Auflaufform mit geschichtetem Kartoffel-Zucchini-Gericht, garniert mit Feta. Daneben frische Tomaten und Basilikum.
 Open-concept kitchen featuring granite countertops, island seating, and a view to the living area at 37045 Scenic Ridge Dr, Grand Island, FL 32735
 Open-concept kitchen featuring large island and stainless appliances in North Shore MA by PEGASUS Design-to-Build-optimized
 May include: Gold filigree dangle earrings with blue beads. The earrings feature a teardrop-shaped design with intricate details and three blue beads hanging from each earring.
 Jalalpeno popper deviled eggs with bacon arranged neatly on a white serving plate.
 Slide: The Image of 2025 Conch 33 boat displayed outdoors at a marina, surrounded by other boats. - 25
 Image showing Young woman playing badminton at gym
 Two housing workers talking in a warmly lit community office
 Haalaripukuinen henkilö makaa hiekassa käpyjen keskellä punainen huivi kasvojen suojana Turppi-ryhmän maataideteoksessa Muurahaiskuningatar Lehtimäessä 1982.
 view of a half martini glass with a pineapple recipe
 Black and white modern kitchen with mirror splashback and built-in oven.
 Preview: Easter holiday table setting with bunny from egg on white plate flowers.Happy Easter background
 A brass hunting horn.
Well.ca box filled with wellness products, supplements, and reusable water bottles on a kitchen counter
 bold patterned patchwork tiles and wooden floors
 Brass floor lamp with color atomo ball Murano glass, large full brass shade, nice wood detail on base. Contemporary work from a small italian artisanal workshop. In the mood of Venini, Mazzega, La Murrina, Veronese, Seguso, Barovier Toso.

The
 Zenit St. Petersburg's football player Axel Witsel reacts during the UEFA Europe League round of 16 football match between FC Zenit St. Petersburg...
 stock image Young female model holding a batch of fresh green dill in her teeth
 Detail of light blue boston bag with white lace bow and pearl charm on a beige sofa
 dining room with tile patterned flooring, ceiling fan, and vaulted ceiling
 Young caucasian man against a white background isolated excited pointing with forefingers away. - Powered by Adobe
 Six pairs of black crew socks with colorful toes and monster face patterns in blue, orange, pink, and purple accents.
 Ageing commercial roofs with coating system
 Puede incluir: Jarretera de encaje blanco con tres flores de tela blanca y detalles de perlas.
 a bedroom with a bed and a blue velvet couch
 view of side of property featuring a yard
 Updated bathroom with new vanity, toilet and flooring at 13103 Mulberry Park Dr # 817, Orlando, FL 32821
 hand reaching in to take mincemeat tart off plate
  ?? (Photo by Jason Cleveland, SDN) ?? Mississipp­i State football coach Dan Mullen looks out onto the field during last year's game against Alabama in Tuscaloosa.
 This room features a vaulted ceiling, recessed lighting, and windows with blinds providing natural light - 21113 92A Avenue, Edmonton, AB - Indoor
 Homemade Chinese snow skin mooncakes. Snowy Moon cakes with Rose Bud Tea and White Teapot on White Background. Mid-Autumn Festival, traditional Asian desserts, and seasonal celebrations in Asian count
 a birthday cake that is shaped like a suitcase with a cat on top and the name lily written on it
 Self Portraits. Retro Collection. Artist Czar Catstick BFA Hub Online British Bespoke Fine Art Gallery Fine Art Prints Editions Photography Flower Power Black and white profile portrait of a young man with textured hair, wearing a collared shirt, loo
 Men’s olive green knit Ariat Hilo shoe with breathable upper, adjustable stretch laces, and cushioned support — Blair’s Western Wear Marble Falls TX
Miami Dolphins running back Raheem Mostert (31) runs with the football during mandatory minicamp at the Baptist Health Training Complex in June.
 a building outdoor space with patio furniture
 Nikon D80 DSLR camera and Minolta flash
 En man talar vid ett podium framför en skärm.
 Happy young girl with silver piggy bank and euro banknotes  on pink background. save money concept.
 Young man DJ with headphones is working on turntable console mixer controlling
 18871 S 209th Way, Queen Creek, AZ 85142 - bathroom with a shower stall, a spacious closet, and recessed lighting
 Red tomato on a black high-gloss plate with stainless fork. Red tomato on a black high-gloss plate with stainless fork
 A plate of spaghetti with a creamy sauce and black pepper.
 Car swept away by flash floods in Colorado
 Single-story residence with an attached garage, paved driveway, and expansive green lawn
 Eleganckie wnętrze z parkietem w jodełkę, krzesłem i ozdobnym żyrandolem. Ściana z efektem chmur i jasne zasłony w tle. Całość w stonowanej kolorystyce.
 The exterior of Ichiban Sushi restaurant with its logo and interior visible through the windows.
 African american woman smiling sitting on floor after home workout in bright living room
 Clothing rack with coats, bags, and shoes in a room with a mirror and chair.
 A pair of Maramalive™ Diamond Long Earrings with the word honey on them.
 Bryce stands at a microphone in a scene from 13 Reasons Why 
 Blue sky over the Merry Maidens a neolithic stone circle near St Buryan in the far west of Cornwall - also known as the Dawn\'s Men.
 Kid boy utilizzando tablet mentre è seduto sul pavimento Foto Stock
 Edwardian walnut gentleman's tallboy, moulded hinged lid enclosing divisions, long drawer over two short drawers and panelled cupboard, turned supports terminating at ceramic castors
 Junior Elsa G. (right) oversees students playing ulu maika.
··········
| ASSIGNMENT |
In the listing, count the lines that contain the word "recessed", then give the number and nothing more.

| ANSWER BOX |
2